The many faces of rue de Sérigny (red arrows). The yellow box is the terminal; the main public entrance is at the top, so all that stuff around the sides and back is largely unknown to the average person.

No, what we need is a map. It doesn’t even have to be a fancy map, just a map that shows the old location and the new location, along with a few key buildings (like the terminal), for reference.

In this case, I’m sure there are people who still haven’t found the new location for the bike racks because they’re all the way around the other side of the terminal, on one of the rues de Sérigny, in an area that was essentially a “no go” zone before the reorganization.

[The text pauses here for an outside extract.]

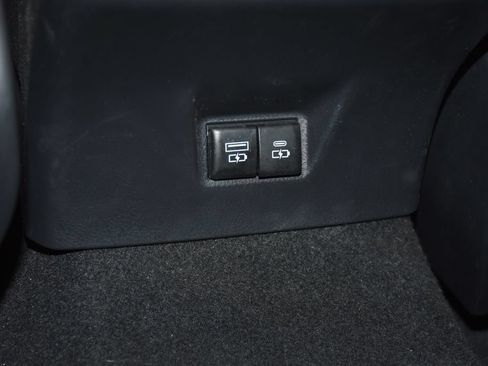 Used 2025 Toyota Camry LE FWD image 27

You certainly can’t see it from the old location, and it’s not like the new location just springs to mind.

Old and new locations; about 400 metres apart, with several buildings and and the bus departure gates in between.

More Elevator Troubles

Loyal readers will recall the problems I reported with elevator door buttons some time ago. Well, I’m displeased to inform you that it doesn’t stop there.

The building I currently work in has five elevator banks (not including the service elevator), and I seem to be experiencing an occasional but recurring problem when I’m at the top and want to go down to the ground floor. You see, everything within all of the elevators is identical except that one uses a different arrangement for the floor number buttons.

Before I continue, I need to point something out: I’m a rote boy. That means I do things by rote. I’m not good at remembering things based on meaning, and I don’t always want to think repetitive tasks through before I do them. I just develop kinetic patterns and try to leave it at that.

Unfortunately that is a pretty lousy way to do things and I’m always getting in trouble because of it. For example, if you ask me to recite my postal code, I am stumped. I haven’t a clue. But put a pencil in my hand and I can write it down without even thinking.

It’s the same thing with phone numbers. Ask me my home phone number and I’ll blurt out random digits like a bingo caller yet I won’t even come close to getting my phone number right. But give me a telephone and I can call home easily by following the rote-learned pattern on the keypad.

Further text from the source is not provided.